# Now THAT is fast!!



## theletch1 (Jul 28, 2005)

Check out this guy and the speed he has...amazing. :mp5:


----------



## still learning (Jul 28, 2005)

Hello, Speed is good but maybe accurate is better?  .......Aloha


----------



## dubljay (Jul 28, 2005)

Yeah thats pretty crazy... I wouldn't want him mad at me.


----------



## dubljay (Jul 28, 2005)

still learning said:
			
		

> Hello, Speed is good but maybe accurate is better?  .......Aloha


 He was standing at what 15ft from the target?  That's pretty decent accuracy for as fast as he was shooting.  In terms of self defense with a hand gun that kind of shooting would be almost ideal.  Multiple shots to the center of mass... that would stop someone in a hurry.  A true test would be a moving target.


----------



## Rich Parsons (Jul 28, 2005)

dubljay said:
			
		

> He was standing at what 15ft from the target?  That's pretty decent accuracy for as fast as he was shooting.  In terms of self defense with a hand gun that kind of shooting would be almost ideal.  Multiple shots to the center of mass... that would stop someone in a hurry.  A true test would be a moving target.




Part of the object of multiple targets, is not only multiple targets but to also consider it a moving target, where the target is a frame of the motion. 

Yes, an actual moving target would be a real test, but, I can see what the possibilities would be if I tried to run sides ways from him.


----------



## dubljay (Jul 28, 2005)

Rich Parsons said:
			
		

> Part of the object of multiple targets, is not only multiple targets but to also consider it a moving target, where the target is a frame of the motion.
> 
> Yes, an actual moving target would be a real test, but, I can see what the possibilities would be if I tried to run sides ways from him.


 Yeah I realize that... see my initial post... I wouldn't want him mad at me....


----------



## Tgace (Jul 28, 2005)

Thats Jerry Miculek. Yes hes very accurate.

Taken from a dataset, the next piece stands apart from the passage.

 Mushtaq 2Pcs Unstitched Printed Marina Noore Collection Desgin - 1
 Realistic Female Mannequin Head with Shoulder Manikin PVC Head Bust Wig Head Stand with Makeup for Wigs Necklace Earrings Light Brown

See another thread about this guy.

http://www.martialtalk.com/forum/showthread.php?t=21506


----------



## hardheadjarhead (Jul 28, 2005)

Rich Parsons said:
			
		

> Yes, an actual moving target would be a real test, but, I can see what the possibilities would be if I tried to run sides ways from him.




I think one would die running.  

He had decent accuracy for as fast as he was shooting...and the speed was with a revolver, of all things.  In any case, I don't think this was showcased as combat shooting...just a very fast shooter/reloader.

Remember Bill Jordan?  He could draw and shoot in a quarter of a second...and hit a button.


Regards,


Steve


----------



## KenpoTex (Jul 29, 2005)

Miculek is amazing, I'd love to see him shoot in person. (don't blink or you'll miss it.)

Bob Munden is another "that just ain't possible" type of shooter.  I got to see him shoot about 12 years ago in Denver...needless to say I was suitably impressed.  Check this link to see the records he's set for quick-draw and speed shooting.


----------



## Cruentus (Jul 29, 2005)

kenpotex said:
			
		

> Miculek is amazing, I'd love to see him shoot in person. (don't blink or you'll miss it.)
> 
> Bob Munden is another "that just ain't possible" type of shooter.  I got to see him shoot about 12 years ago in Denver...needless to say I was suitably impressed.  Check this link to see the records he's set for quick-draw and speed shooting.



Dude...that's awesome....thanks for the link!


----------



## KenpoEMT (Jul 29, 2005)

Geez!!  There's skill, and then there is SKILL! 

What an awesome vid, thanks!


----------